Our approach will be integrated and incentivised. We will consolidate the number of programmes on offer by bringing interventions together through our all-age and all-encompassing approach and, working through our business support and procurement levers, we will incentivise the creation of more targeted job opportunities for disadvantaged individuals and place premiums on support in particularly disadvantaged areas. Our approach will also be modernised and efficient. We will reach more individuals through the introduction and expansion of digital employability services and we will free up resources through more efficient and innovative delivery models, such as the nationally commissioned, regionally managed and locally delivered approach we will be adopting for the new all-age employability programme.

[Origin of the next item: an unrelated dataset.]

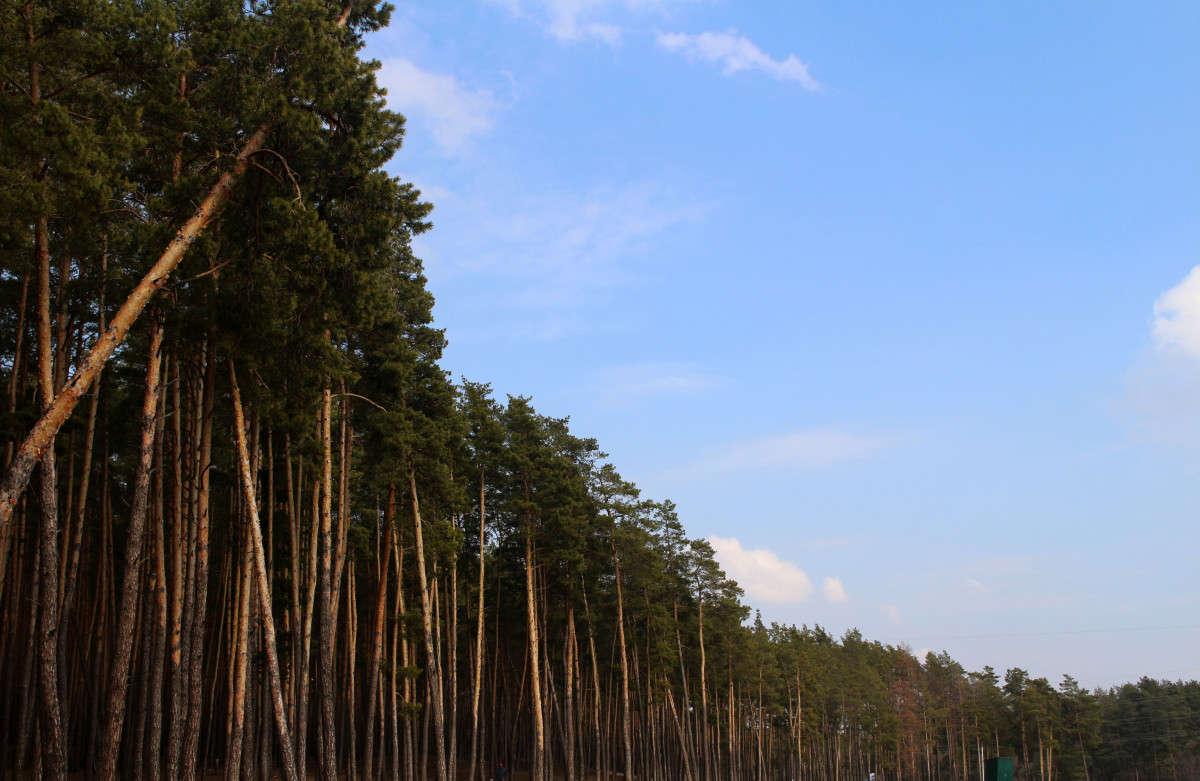 ... ����� ��������� ���������� �� PhotoGeek.ru #������ ��� �������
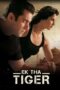 Ek Tha Tiger (2012) Hindi 360p + 720p + 1080p Blu-Ray x264 AAC 5.1 MSubs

This approach will require a co-ordinated and focused effort, not only across the Welsh Government but also with UK Government departments, in particular the Department for Work and Pensions, with local authorities, the third sector, the private sector, and with stakeholder groups and delivery partners. This effort will need to embrace flexibility and innovation whilst retaining a relentless focus on improvement and results. Our work with the DWP as a key partner in Wales will continue in order to make every effort to embed their programmes within the wider Welsh employability agenda. The principles of our employability plan underpin the new all-age employability programme and our co-design of the DWP work and health programme in Wales. This represents an opportunity to more effectively align the breadth of employment support on offer to individuals across Wales.

In developing the plan, it is imperative that the Welsh Government works closely with all key players to ensure opportunities are available for all. Our new approach to employability support will be flexible, nationally commissioned, regionally managed, locally delivered and, most importantly, centred around the individual. We believe that this approach will benefit individuals across Wales in gaining, retaining and progressing within work, and will deliver the prosperous and secure future for Wales that we need to take Wales forward. Diolch.

May I thank you for your statement this afternoon, Minister? I welcome the announcement that there is to be an employability programme and the general principle of creating a more accessible, more flexible programme, with the support of the employment advice service in this case, of course, but the statement raises a number of questions because, essentially, it announces that there is to be an employability programme and an employment advice service. Perhaps you can mention who will develop the employability programme. I assume it would be the Government, but it would be good to know, because, if you are going to make a statement or an announcement by January, there isn’t a great deal of time to include various stakeholders in that discussion. When do you anticipate that the programme will become active? Perhaps you could tell us a little about the resources and the costs of implementation. And also, the employment advice service that you mentioned, what sort of capacity will that have? How many people do you anticipate they will be working with on an annual basis? Perhaps you could tell us a little about the cost that you anticipate and from what budget the funding for that will come from.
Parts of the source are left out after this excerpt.